Vitalist, often organic, aiming at an ecological aesthetic and an economy of the means and materials of production, circular and involutionary, confining to self-sufficiency, the work of Alberto Scodro aspires to transcend and even generate its own creative matter.
It is also a work that tells about flow and circulation, transformation and mutation. Oscillating between hubris and modesty, it unfolds by engaging a dialectic between the different tensions it generates or allows us to see: between the organic and the mineral, the industrial and the artifact, the vertical and the horizontal, control and surrender...
All these elements are found in the installation specifically designed for the site of L’Escaut Architectures, cooperative of architects founded by Olivier Bastin in 1989.

Alberto Scodro responded to L’Escaut’s invitation to conceive a work for their site with a radical proposal: to completely divert the circuit from the circulation of central heating, transforming the building - the time of an exhibition – similarly to a gigantic architectural coffee machine acting both, metaphorically and efficiently, on a series of pre-baked plates made out of melted sand and mineral. This proposal was made, intuition or premonitory coincidence, before learning about that at the time L’Escaut had been transformed into a warehouse to store coffee...
His intervention brings the entire building into a vertical tension, apprehending it as a living organism from which it would divert the vital fluid and redirect it towards a new production, generating a new experience.
Contrasting with the horizontality of the ground floor display, this vertical hijacking transforming the former hoist of the warehouse into a "sculptural shower" finds an acoustic counterpoint in the air vent located at the back of the building which Scodro uses as a vector for broadcasting recordings made on site, referring to the circulation of the users of the site.
On the first floor, the forest of radiators translated in order to prepare for the drop in percolation responds to the upward momentum suggested by the ginkgos bilobas, the trees that Scodro cultivates in his country, and which have been carefully potted in patched terracotta vases previously used to melt the sculptures displayed on the ground floor.
One of these ginkgos, prehistoric tree also known for its qualities of vasodilator/fluidifier of blood circulation, is planted in the middle of the courtyard and will remain at L’Escaut where it will quietly pursue its growth.

A final note about these sculptural fusions which resort to a variety of raw materials, from more or less recognizable mundane objects or waste from our industrial societies to semi-precious ores, to which Scodro gives a new life and new radiance.

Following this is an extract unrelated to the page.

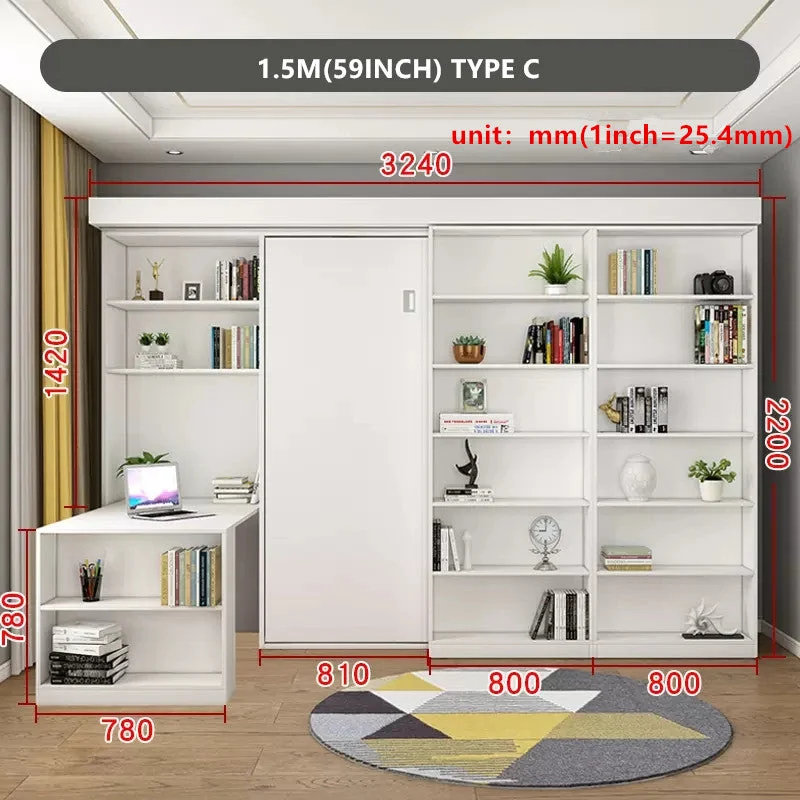 Lit escamotable avec étagère et armoire et bureau pliable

Composites, both organic and industrial in their constituents, these fusions crystallize this dialectic aspiration which runs through the work of Scodro and structures his commitment both on an artistic and socio-political level: this belief in the possibility to assimilate, metabolize, literally and figuratively, the rejection and the precious, the rare and the innocuous, the mineral and the organic, in order to make it, beyond the intriguing aesthetic forms revealed by his sculptures, the promise of a possible future, an allegory of a planet hopefully able to reinvent itself.